- [What you have to do]: The goal is a clean copy of all the data below, with pictures dropped and everything else retyped exactly.

- [Provided data]:
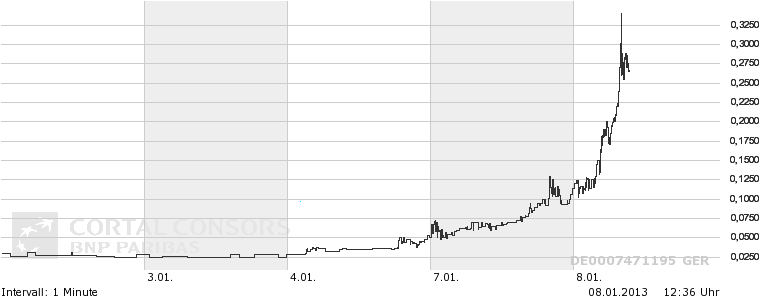 QV ultimate (unlimited) 567422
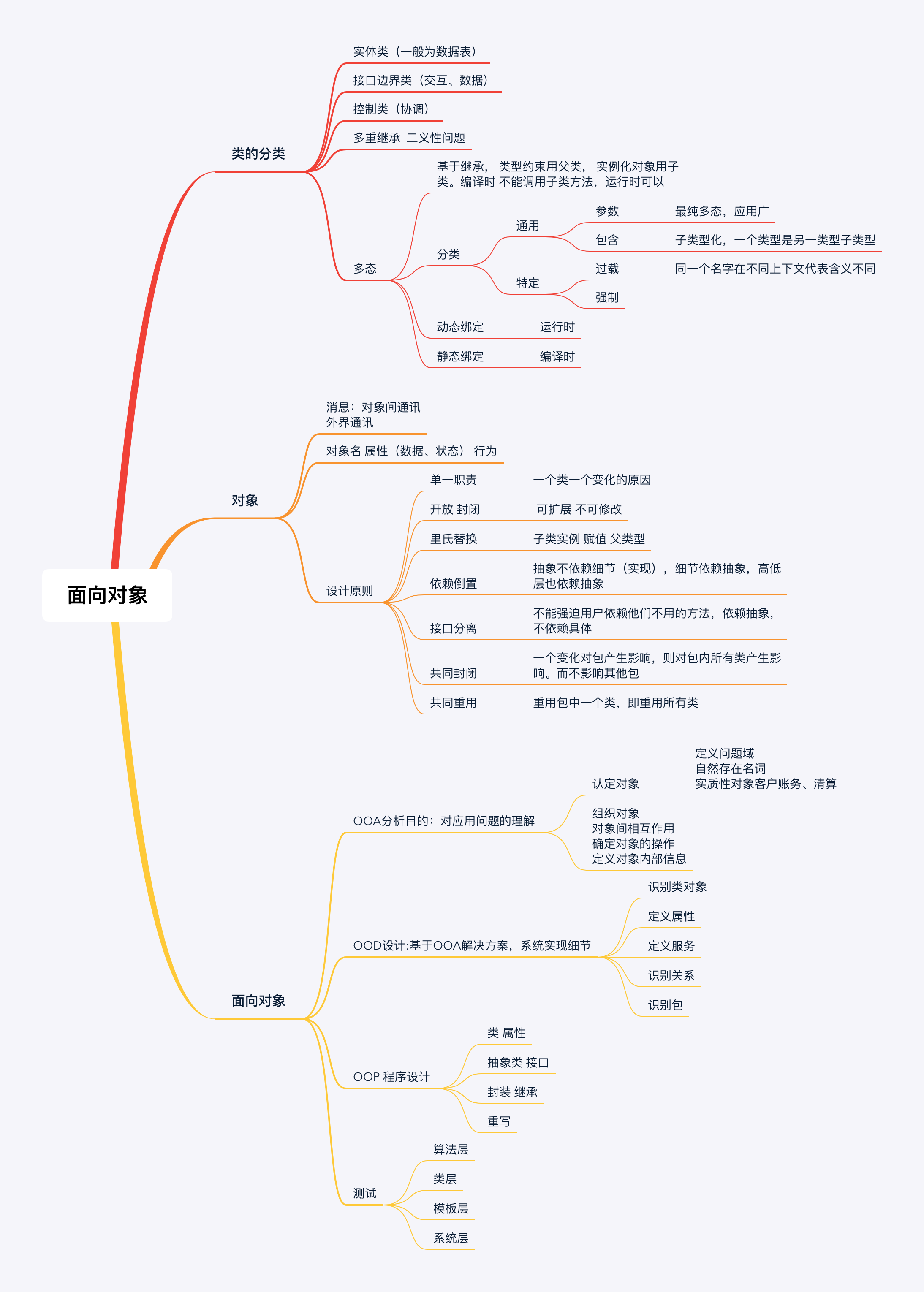 请输入图片描述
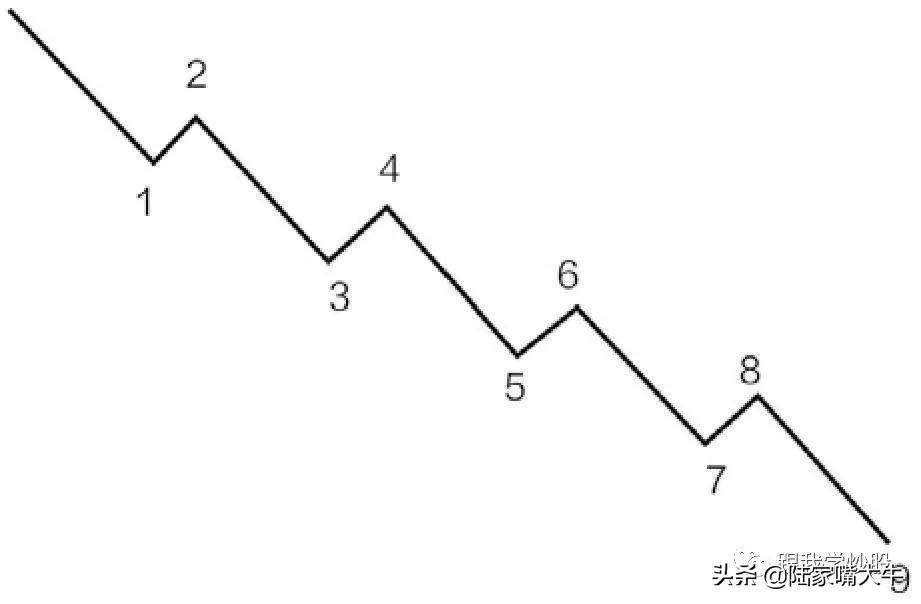 波浪理论入门到精通基本波形的认识如何判断浪的终点
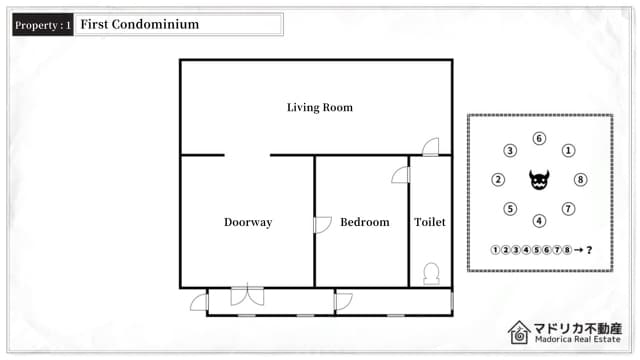 图片[5]- 【Switch】马多利卡地产公司 2-v1.3.5-中文60帧- 关先生资源站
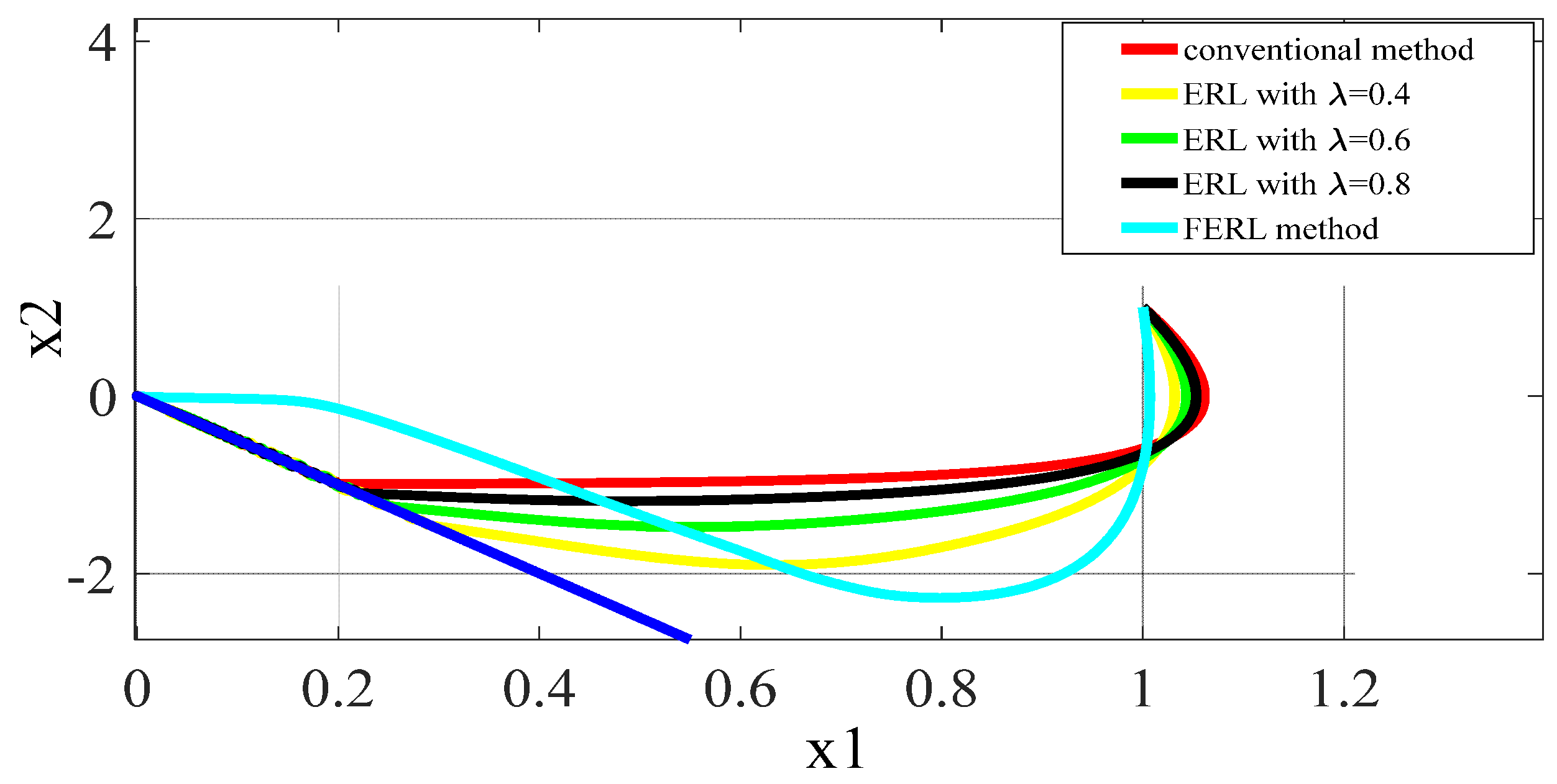 Energies 10 01788 g002 Energies 10 01788 g002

- [Written answer]:
 QV ultimate (unlimited) 567422
 请输入图片描述
 波浪理论入门到精通基本波形的认识如何判断浪的终点
 图片[5]- 【Switch】马多利卡地产公司 2-v1.3.5-中文60帧- 关先生资源站
 Energies 10 01788 g002 Energies 10 01788 g002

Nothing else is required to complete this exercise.